The Spectacle Blog

Journolist: A Conspiracy, or Just a Clown Show?

By on 7.21.10 | 5:28PM

On the main page today, John Guardiano is justifiably appalled by what he's seen from Journolist, the now-defunct off-the-record listserv for liberal journalists. Particularly disturbing is Spencer Ackerman saying it's a good idea to hurl bad-faith accusations of racism. This tells us what was already obvious: Spencer Ackerman shouldn't be taken seriously. This is hardly a secret: We're talking about a guy who was fired from The New Republic after starting a blog called "Too Hot for TNR" to denounce his employer. He then took a flamethrower to all his bridges by airing gripes about all his coworkers. The guy is insane -- and, occassionally, not intellectually honest. (He's also an energetic reporter who does good work covering national security, but you have to learn to ignore his utterly unserious opinions whenever reading his work.)
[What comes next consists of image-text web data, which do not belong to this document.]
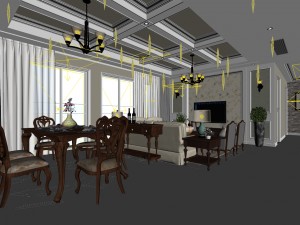 family - kitchen - restaurant 353 Modèle 3D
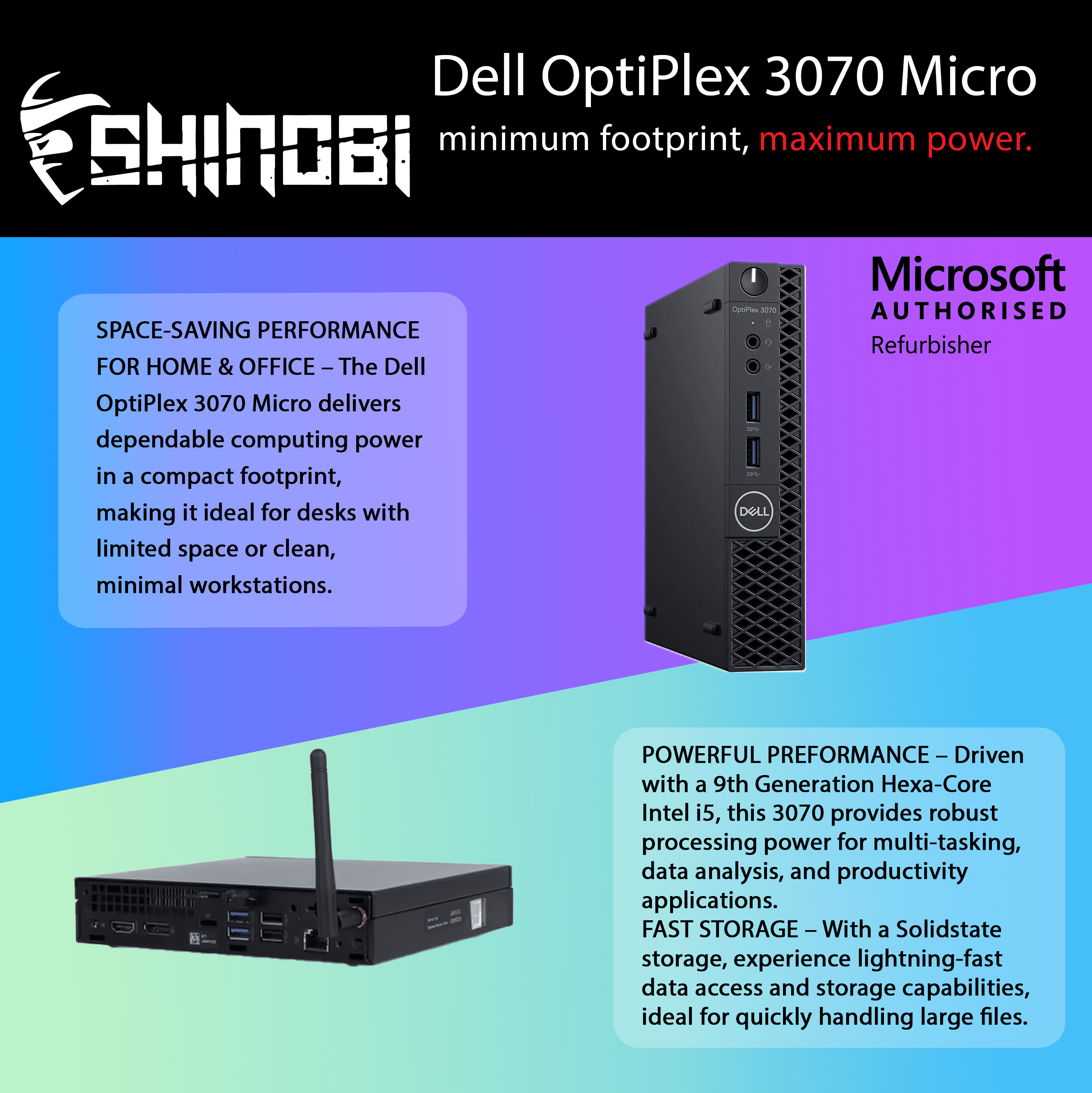 Restored Dell 3070 OptiPlex Mini PC | Intel Core i5-9500T | 8GB RAM | 256GB NVMe | Built in AX210 Wi-Fi BT | Windows 11 Pro | Mini Desktop Computer (Refurbished)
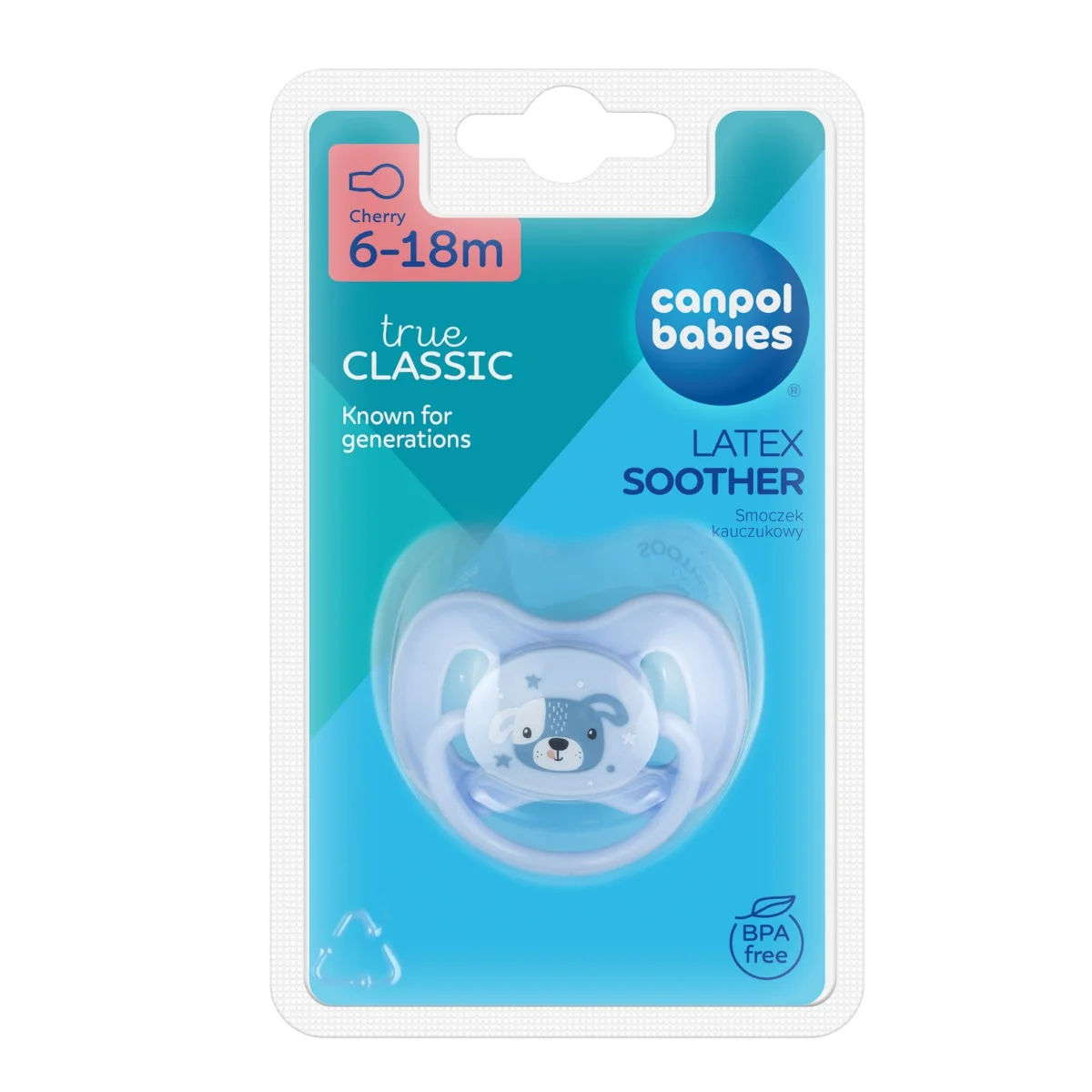 Canpol babies smoczek uspokajający kauczuk 6-18m okrągły CUTE ANIMALS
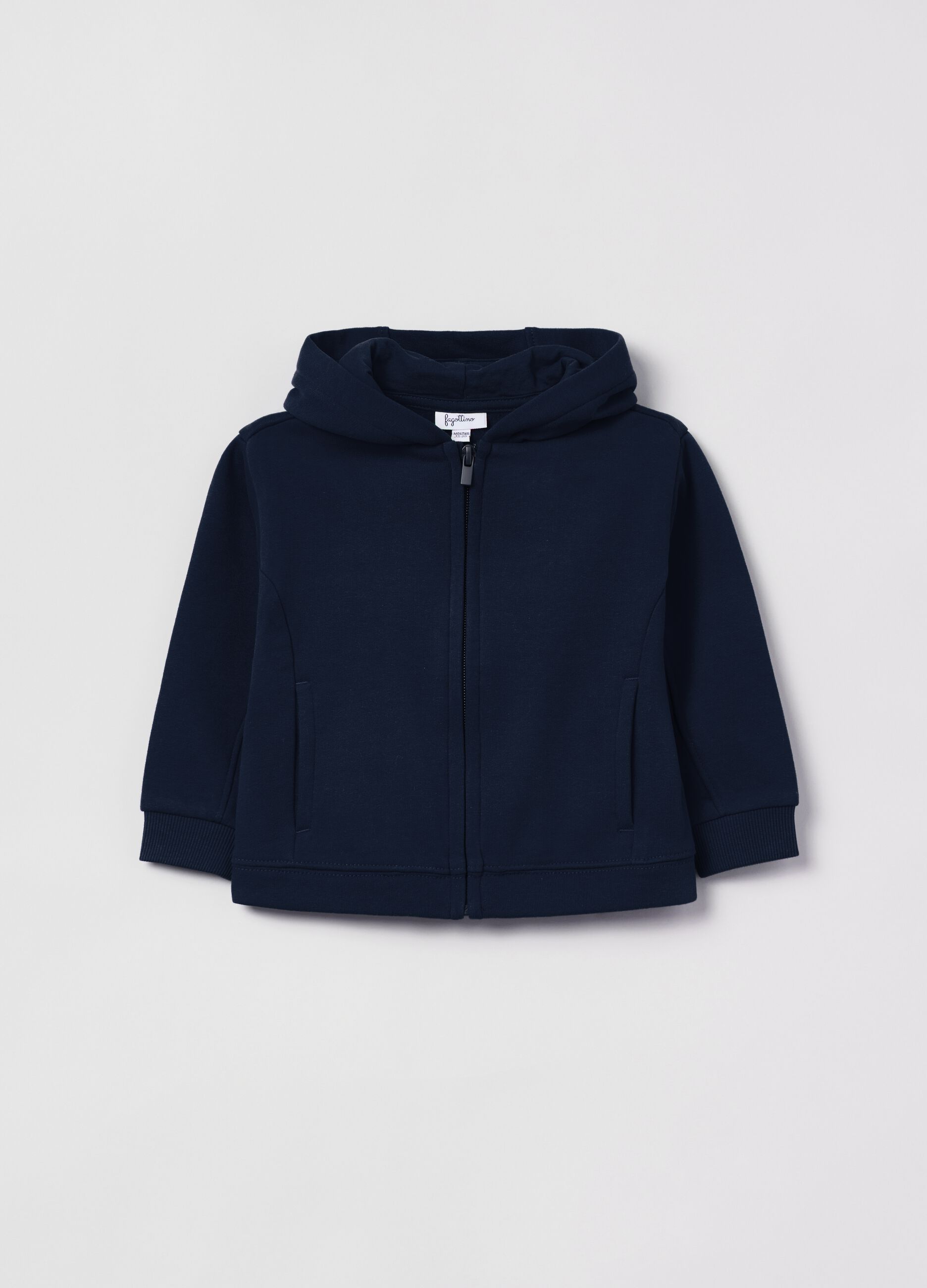 Full-zip in cotone con cappuccio_0
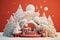 3D Podium Christmas Scene Background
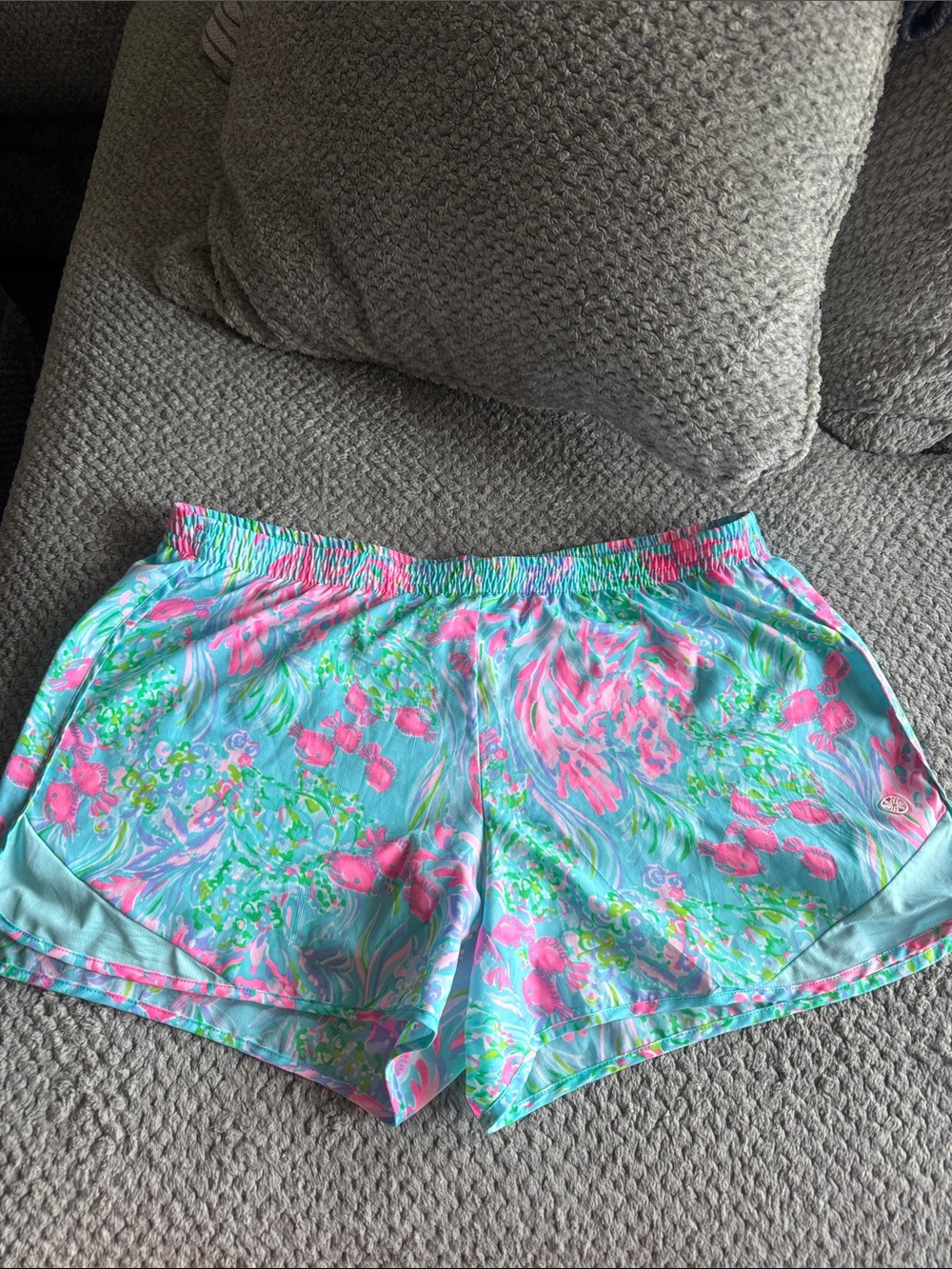 Lilly Pulitzer Aqua and Pink Floral Athletic Shorts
Likewise, Chris Hayes's suggestion that no one should cover the Jeremiah Wright controversy is no surprise. Chris Hayes is a dyed-in-the-wool far-left ideologue. I imagine that Hayes disagrees very little with much of what Jeremiah Wright says about how awful America is. Indeed, while I wasn't there, I did hear stories that other reporters were bemused to see Hayes applauding Wright's National Press Club speech, in which Wright doubled down on all his views.

Lots of things that we've seen from Journolist reflect poorly on the people who wrote them. But in almost every case, we already knew that these people were buffoons. Leaks from Journolist are useful primarily in reminding us how utterly ridiculous these people are.

What they don't tell us, though, is that Journolist was a media conspiracy to shape coverage based on what the craziest members of the list suggested, which is how the Daily Caller is framing its stories. Everyone on Journolist insists that this isn't true, and that Jonathan Strong's Caller stories are taking snippets of conversations and making them look much, much worse than they are. The context provided by, for example, Jon Chait's response to the Caller suggests that this is probably true. Since I have no reason to believe that anyone at the Daily Caller would deliberately mislead readers, I suspect that whoever is leaking material from Journolist is doing so selectively. Thus, it would serve readers well if the Daily Caller would, as Daniel Foster suggests over at National Review, release all of the source material they have, as soon as possible.

A member of Journolist has leaked a thread to me, in fact -- albeit with the authors' names stripped out -- under the condition that I promise to run it in its entirety. When I do so tomorrow, you will see, again, how utterly inane the discussions on Journolist often were.